HOW MANY HATS IS TOO MANY HATS?
NOVEMBER 9, 2022
The first years of Regis Jesuit High School Girls Division were incredible. The days were certainly long and there was hard work to be done, but the energy of doing something new – of creating something – was palpable for our entire staff.
The initial year when we were off campus and flying all but solo was special. I can still almost remember everyone’s classroom – how it was set up, where it was in the building – and I can name every teacher and staff member who was with us that first year. The school would grow exponentially (something that no one was sure of when we opened) over the next five years in terms of enrollment and of staff to serve the young women. While I had a hand in almost all the hires over those years and in more than a few admissions decisions and while I think we did great things, hired great people, brought in great students in the years to follow, those first years were remarkable.
The individuals on that first staff wore multiple hats. The principal taught Spanish classes. The Assistant Principal taught math and oversaw the counseling program. Each teacher taught more than they strictly should have and each moderated a club or coached a sport.

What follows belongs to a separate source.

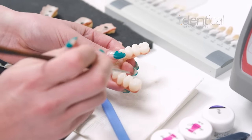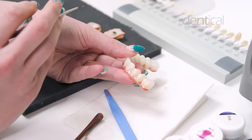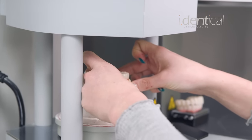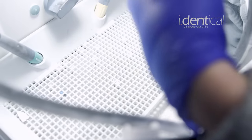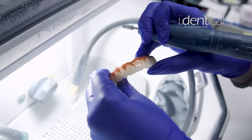I'll go through and do that to the top of the tooth, the back, and then on the other side. It will then go in our oven here and cook for about an hour. Once it comes back down, we'll be able to see how it looks and do a couple more rounds of paint to make sure it's perfect for our patient.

All of our staff members took on multiple responsibilities far beyond what their job descriptions required of them.
For my part, I was the Dean of Students, I was one half of the English Department, I was the yearbook co-moderator, I was the public address system.
We did not have a PA or a bell system that first year. In order to share announcements and morning prayer, we brought the entire student body together before class and I read announcements and helped facilitate prayer. Because we had no bells, our teachers had to dismiss their students promptly and on schedule. They did.
I loved moderating the first yearbook for Regis Jesuit Girls Division with a staff of freshmen and sophomores who would put the first yearbooks together over the next few years.
I always wanted to remain in the classroom even when my ambitions and my career path led me into administrative roles. That the school needed me to teach (and I taught members of that first class of sophomores all three years they were with us) was a happy coincidence. I taught every year I was an administrator at Regis Jesuit. When I moved on to Mullen, I would have to fight to do so, but that is a story for another post.
I was also Dean of Students and tune in next week for more on that role.
Suffice it to say we all were serving the school in many different capacities and serving, I think, very well. Though the work was taxing and our environment was challenging (the aforementioned no PA, many of the restrooms were elementary student sized – tiny toilets and low sinks – the outer wall of the “gym” was about 18 inches from the out of bounds of the basketball court, we had to lay carpet tiles on the cafeteria floor every Friday, and so on) the camaraderie was unlike anything I have ever experienced.
How many hats is too many hats? I am still, almost 20 years later, trying to answer that particular question. I have not found that limit.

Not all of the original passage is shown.